It would be hard indeed to find two more disparate interpretations of the sports car art anywhere in the world, let alone being unveiled under the same roof on the same day by the same company but that, whether by accident or design is precisely what Volkswagen subsiduaries Porsche and Bugatti have achieved.
In the one corner sits the new 911 R which, put another way, is Porsche sending a message in letters ten feet tall that it is more committed then ever to the lightweight, simple, driver focused machines upon which it was made. In the other there is the Bugatti Chiron billed by its creators as "the most powerful, fastest, most luxurious and most exclusive production super sports car in the world".
As you may have read it has 1479bhp or, put another way, precisely three times the power of the 911. It has a paddle shift gearbox, four-wheel drive, 16 cylinders, four turbos and weighs a couple of bags of sugar less than two tonnes.
Final details of the 911 R are not available as I write but I think it safe to say there are cars out there you could strap to its roof and, together, not reach the weight of the Chiron. It will cost less than one tenth of the money, have ten fewer cylinders, four fewer turbos (ie none), two fewer drive shafts but, crucially, one more pedal in the driver’s footwell.
So you tell me which is likely to be more fun to drive. I don’t care how much power a car has, how many driven wheels, and what technical wizardry has been wrought, weight is weight and there’s no getting around it. Staggeringly the top speed of the Chiron when left to run unlimited is likely to be in then order of 100mph faster than that of the 911 R, a performance potential as impressive on paper as it is almost entirely unusable in reality.
Not that this will bother the steady stream of plutocrats already queuing to bag one of 500 Bugatti will build. They just want a car that does things no other car has done before and the fact that the ability of entirely academic interest will worry them not at all.

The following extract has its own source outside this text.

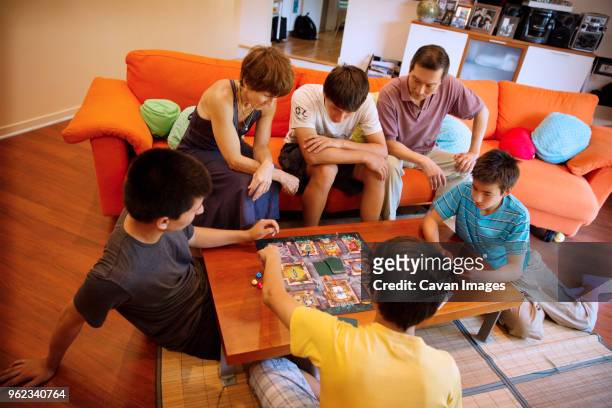 high angle view of family enjoying game in living room - 2014 asian games stock-fotos und bilder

But to me the interest in such a car is not what it will do so much as how it has been persuaded to do it. For instance the technology that allows an engine to swallow 60,000 litres of air per minute at full chat is simply beyond what I can imagine. And I love the idea that a car that, if my calculations are correct, would run to 287mph if left to its own devices, is also going to be spacious, comfortable and quiet on a long run.